Christy Gunn
- Born: 26 November 1985 (age 40)
- Height: 1.68 m (5 ft 6 in)
- Weight: 69 kg (152 lb)

Rugby union career

International career
- Years: Team / Apps / (Points)
- Hong Kong

National sevens team
- Years: Team /  / Comps
- Hong Kong

= Christy Gunn =

HK international rugby union player

Christy Gunn (born 26 November 1985) is a Hong Kong rugby union player. She represented Hong Kong when they debuted at the 2017 Rugby World Cup in Ireland.

== Rugby career ==

=== Sevens ===
She was selected for the Hong Kong sevens team as they sought to secure a core team spot for the 2015–2016 Sevens Series.

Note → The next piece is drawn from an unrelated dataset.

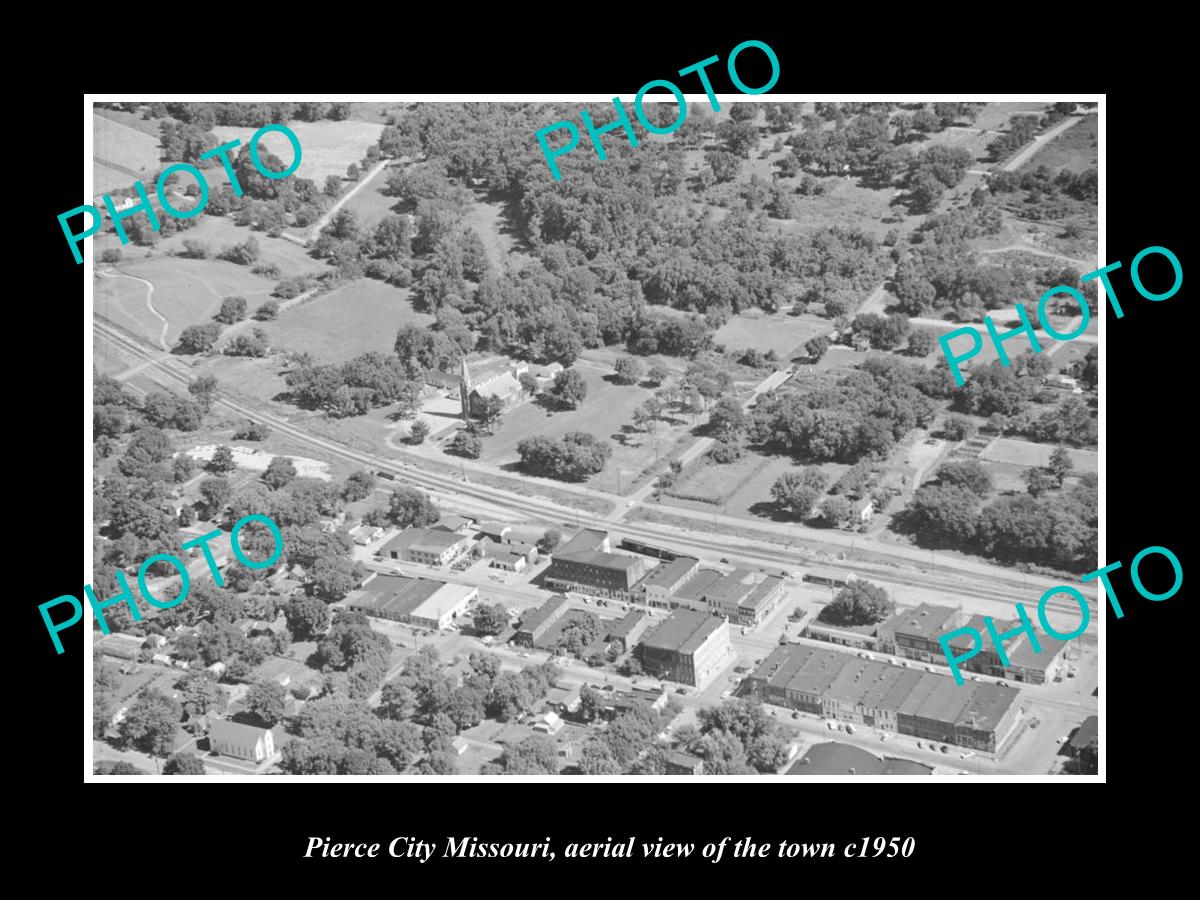 OLD LARGE HISTORIC PHOTO PIERCE CITY MISSOURI, AERIAL VIEW OF TOWN c1950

In November, she was called up for the sevens team in the 2015 Asia Sevens Championships which was a qualification series for the 2016 Summer Olympics.

In January 2018, Gunn was named as co-captain of the sevens team when they competed at the Fiji Coral Coast 7s. She also captained the side when they competed at the 2018 Borneo Sevens in March as preparation for the Sevens Series Qualifier in April. She captained the squad again at the 2018 Hong Kong Women's Sevens which was a qualifier for the 2018–19 sevens series.

=== XVs ===
Gunn captained Hong Kong at the 2015 Asia Rugby Women's Championship. She was named in Hong Kong's training squad and then featured at the 2017 World Cup repechage tournament against Fiji and Japan. She eventually made the squad and competed for Hong Kong in their first Rugby World Cup appearance in 2017.

== Personal life ==
Gunn and her husband, Stuart, married in 2017.